I decided to try Geotagging for myself, to see how easy it really is, and to see how the different types of camera-based receivers and the associated software measure up. This isn't a group test as such, since I've already separately reviewed four of the products that I'll be using. It's more of an overview so you'll have a better understanding of future reviews of GPS units.
For my little expedition I've selected five different receivers. I've got the Sony GPS-CS1 (£80), the ATP PhotoFinder Mini (£92), the Nikon P6000 (£286) which has a built-in GPS receiver, the Nikon D90 DSLR fitted with the optional GP-1 GPS unit (approx £170), and finally a new device, the hot-shoe-mounted Jobo photoGPS, which is currently selling for around £159.
As you might expect from five such diverse gadgets, they all approach the task in a different way. The cheapest unit is the Sony GPS-CS1, launched in 2007, which was one of the first camera GPS units to be available. It is a stand-alone device that is carried clipped onto your camera strap or from your belt using a large plastic karabiner clip.
You have to switch the unit on some minutes before you start shooting your pictures, because it does take a while to lock on to a satellite signal, but then the device keeps a continuous log of its position and the time every few minutes, stored in its internal memory.

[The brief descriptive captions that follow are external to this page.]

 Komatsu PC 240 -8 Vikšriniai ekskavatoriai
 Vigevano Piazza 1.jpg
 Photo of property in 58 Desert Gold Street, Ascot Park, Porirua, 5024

When you get home after a day's photography, you simply download your photos, plug the gadget into your computer via USB, the supplied software compares this stored data with the time recoded by your camera in the EXIF data of each photo, and adds the appropriate GPS co-ordinates. Obviously you need to set your camera's date and time accurately for this to work.

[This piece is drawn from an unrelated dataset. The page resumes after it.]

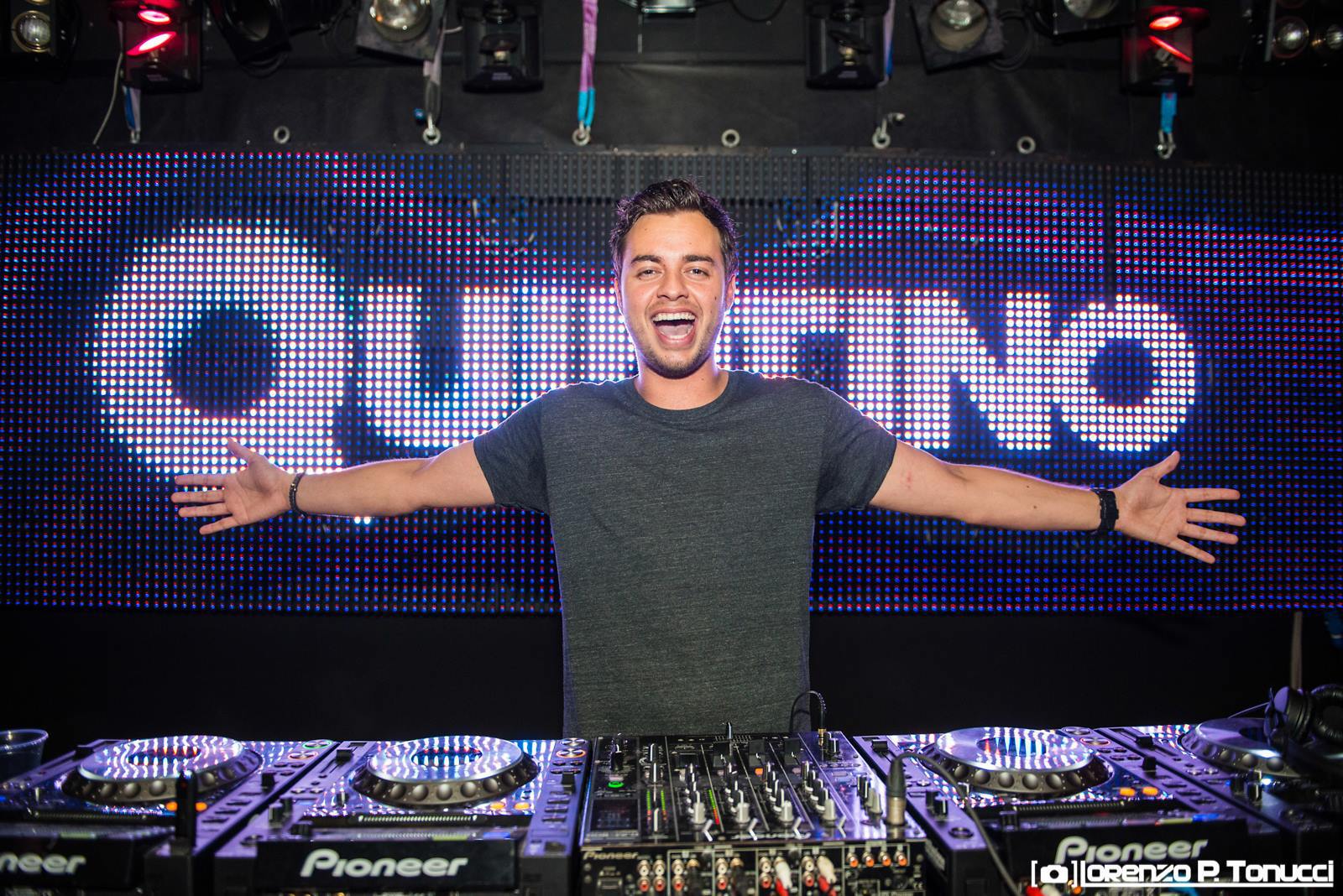 Quintino Wallpaper Image Photo Picture Background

In practice the Sony proved to be reliable and reasonably accurate as long as it had an unobstructed view of the sky, but it was easily blocked by nearby tall buildings, and wouldn't work inside a car. It also took the longest to get an initial lock onto the satellite signal, as long as ten minutes when first activated, although turning it off for short periods to conserve its single AA battery revealed that it was much quicker to recover the signal, as long as too much time hadn't passed. Location accuracy was generally accurate to within about 10-15 metres, but there were some rogue readings that were hundreds of meters off, as a result of the receiver temporarily losing the satellite signal.